Rethinking the Relationship between Learning Rate and Batch Size (II)

Table of Contents

This is a gemini-2.5-flash translation of a Chinese article.

It has NOT been vetted for errors. You should have the original article open in a parallel tab at all times.

At the end of the previous article, "Rethinking the Relationship between Learning Rate and Batch Size (I): Current State", we mentioned that for cases where $\tilde{\boldsymbol{\varphi}}_B$ non-linearly depends on $\tilde{\boldsymbol{g}}_B$, such as SignSGD and SoftSignSGD, the computational mental burden is quite heavy, and faces the difficulty of generalization.

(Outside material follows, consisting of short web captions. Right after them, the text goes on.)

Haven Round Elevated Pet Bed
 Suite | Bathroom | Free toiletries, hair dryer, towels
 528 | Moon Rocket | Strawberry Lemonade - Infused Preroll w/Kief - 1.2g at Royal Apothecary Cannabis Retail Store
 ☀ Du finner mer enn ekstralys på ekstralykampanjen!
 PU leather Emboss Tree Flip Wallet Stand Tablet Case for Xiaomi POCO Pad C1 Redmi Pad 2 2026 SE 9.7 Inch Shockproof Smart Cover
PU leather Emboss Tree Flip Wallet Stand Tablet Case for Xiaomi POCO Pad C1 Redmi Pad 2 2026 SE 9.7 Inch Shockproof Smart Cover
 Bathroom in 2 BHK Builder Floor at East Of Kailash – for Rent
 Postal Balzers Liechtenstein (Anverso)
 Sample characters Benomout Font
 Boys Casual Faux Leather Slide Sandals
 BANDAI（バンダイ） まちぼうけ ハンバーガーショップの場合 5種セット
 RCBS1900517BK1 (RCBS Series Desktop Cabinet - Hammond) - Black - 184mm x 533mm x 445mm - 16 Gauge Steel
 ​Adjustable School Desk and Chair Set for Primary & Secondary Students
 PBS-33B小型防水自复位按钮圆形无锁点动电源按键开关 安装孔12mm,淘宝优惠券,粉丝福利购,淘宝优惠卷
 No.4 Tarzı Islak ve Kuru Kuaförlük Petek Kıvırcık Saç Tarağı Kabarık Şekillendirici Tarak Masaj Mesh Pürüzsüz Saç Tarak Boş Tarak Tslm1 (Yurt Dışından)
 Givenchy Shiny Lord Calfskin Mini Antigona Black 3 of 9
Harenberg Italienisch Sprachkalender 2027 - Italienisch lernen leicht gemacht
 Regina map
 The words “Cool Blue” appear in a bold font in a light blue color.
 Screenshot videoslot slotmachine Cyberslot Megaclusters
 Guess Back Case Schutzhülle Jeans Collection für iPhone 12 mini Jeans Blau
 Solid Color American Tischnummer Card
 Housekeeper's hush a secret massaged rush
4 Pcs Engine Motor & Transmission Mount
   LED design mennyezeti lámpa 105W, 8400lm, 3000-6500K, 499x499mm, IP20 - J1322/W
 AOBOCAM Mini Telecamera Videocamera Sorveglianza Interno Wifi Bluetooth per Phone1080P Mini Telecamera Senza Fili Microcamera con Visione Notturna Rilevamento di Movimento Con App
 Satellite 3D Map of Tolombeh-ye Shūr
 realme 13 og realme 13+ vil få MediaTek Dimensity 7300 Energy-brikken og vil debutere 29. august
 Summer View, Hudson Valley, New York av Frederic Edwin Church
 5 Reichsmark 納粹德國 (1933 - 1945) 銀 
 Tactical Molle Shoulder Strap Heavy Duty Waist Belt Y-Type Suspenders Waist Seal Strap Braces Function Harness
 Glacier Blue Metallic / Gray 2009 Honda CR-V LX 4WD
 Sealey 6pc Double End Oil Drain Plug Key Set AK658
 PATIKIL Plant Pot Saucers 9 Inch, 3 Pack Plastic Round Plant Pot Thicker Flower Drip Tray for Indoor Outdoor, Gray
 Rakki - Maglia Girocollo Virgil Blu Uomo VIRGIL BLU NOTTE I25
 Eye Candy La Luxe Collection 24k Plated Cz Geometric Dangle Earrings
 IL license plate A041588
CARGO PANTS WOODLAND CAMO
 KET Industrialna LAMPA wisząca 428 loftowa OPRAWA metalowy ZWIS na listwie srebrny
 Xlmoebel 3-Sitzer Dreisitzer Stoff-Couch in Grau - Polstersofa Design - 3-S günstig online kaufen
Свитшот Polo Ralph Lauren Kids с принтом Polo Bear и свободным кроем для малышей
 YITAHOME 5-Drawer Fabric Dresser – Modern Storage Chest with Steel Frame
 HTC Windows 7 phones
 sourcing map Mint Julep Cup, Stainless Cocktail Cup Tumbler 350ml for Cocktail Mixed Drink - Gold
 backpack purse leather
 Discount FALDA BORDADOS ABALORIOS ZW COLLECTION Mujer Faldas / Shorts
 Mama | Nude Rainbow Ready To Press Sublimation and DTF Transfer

For this reason, I invested some effort to try and simplify the derivations, and fortunately, there were some gains. The key idea among them is the subject of this article – the mean field.

The mean field is a common approximation method in physics. It does not have a fixed form, but the general idea is to move the expectation operation inside the function. In fact, in "Why is Adam’s Update RMS 0.2?", we already glimpsed the charm of the mean field. In this article, we will further witness its remarkable effectiveness in calculating the learning rate regularities of SignSGD/SoftSignSGD.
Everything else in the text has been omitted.